BERSENI-BERSASTERA; KEMERDEKAAN MEMAKNAI

Di Indonesia, mempertanyakan kebebasan bersastera adalah hal yang terkesan ironi. Apalagi dewasa ini, publik kita sedang bergembira atas beberapa kemajuan transparansi, era sudah berubah, dan waktu telah berlalu. Namun, demikian, apakah hakikat kebebasannya ada atau tidak, wallahu’alam (?).

Kesempatan ini, penulis tidak bermaksud mencari tahu secara mendalam permasalahan kebebasan bersastera, tapi lebih cenderung pada pemanfaatan nuansa “kebebasan” waktu untuk bersastera. Sebagai illustrasi, kenapa kehadiran karya cerpen Bibir karya Putu Wijaya sempat membuat heboh, drama-drama kritis tentang kebebasan berpendapat masih digandrungi dan sejumlah ekspresi lain, sebagai pernyataan ketidak-bebasan berpendapat juga diminati.

Ibarat got wacana kebebasan bersastera di negara ini, tatkala saluran air itu tersumbat, maka airnya luber kesana-kemari tidak terkendali. Gagasan, ide maupun saran yang tidak tertampung oleh saluran, termasuk melalui sastera, meluap menjadi ungkapan-ungkapan yang tersembunyi tapi bernada kritis dan mendalam.

Secara internasional, perihal mempertanyakan hal ini, kita bisa bercermin dari kasus The Satanic of Verses karya Salman Rushdie yang diterbitkan oleh Virgi Pinguin. Sejak tanggal 26 Nopember 1988 –saat diterbitkan novel Rushdie pertama kali– hingga 25 desember 1990 –waktu Rushdie mengucapkan dua kalimah syahadat– adalah puncak gejolak dan konflik tentang kebebasan bersastera.

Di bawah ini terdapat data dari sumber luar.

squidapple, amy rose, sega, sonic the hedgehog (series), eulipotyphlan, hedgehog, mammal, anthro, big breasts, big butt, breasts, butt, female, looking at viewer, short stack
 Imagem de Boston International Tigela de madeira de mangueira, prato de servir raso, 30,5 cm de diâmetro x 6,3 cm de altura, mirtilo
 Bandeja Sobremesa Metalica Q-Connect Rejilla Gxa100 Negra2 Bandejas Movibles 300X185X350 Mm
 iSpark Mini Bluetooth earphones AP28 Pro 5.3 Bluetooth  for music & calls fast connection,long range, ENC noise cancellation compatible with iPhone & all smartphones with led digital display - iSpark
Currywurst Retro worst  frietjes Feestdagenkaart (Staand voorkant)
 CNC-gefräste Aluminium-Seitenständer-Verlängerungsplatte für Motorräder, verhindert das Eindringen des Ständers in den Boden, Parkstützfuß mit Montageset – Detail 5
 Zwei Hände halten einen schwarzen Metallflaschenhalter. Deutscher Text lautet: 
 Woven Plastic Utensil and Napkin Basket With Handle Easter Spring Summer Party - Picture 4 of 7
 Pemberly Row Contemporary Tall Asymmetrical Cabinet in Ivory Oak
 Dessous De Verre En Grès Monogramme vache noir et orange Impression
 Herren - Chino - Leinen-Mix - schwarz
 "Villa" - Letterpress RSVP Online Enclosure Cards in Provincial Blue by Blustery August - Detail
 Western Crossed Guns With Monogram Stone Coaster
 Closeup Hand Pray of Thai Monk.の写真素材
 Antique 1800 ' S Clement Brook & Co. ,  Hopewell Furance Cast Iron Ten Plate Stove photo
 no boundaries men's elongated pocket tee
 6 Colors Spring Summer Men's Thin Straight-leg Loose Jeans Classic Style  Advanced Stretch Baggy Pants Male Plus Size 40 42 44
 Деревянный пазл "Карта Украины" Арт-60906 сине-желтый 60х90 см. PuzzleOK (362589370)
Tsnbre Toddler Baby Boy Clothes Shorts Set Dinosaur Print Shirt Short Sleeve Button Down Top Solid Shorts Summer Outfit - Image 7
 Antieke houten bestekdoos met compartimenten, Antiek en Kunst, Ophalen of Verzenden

Satu tahun berlalu, Desember 1991, di Mesir ‘Alaa Hamid, penulis karya fiksi, juga kena getah akibat ulahnya sendiri, ia menulis hasil fiksi yang berjudul Masafah fi Aql Rajul, karya yang berisi tentang mimpi-mimpi yang meremehkan keberadaan Nabi SAW.

****

Sastera adalah ungkapan dari seseorang yang dituangkan dengan bahasa. Simbol bahasanya berragam sesuai dengan minat dan keahlian dan kepuasan. Bahasa vokal, instrumentalia, bahasa tubuh, tulisan, coretan dan lain sebagainya. Bahasa penyampaiannya juga kerapkali memakai cara sampiran. Sampiran dilakukan karena untuk memperindah, mengkhaskan, menyimpan, menyembunyikan dan memperhalus bahasa yang dikomunikasikan. Dengan bahasa lain, sedikit “mengkaburkan” maksud.

Dalam perspektif politik, sampiran muncul selain karena bermaksud membuat keindahan, juga karena tidak hadir sepenuhnya kebebasan bersastera. bahkan, tidak hanya kebebasan itu pula sebabnya, terkadang karena ada faktor lain yang juga memberatkan.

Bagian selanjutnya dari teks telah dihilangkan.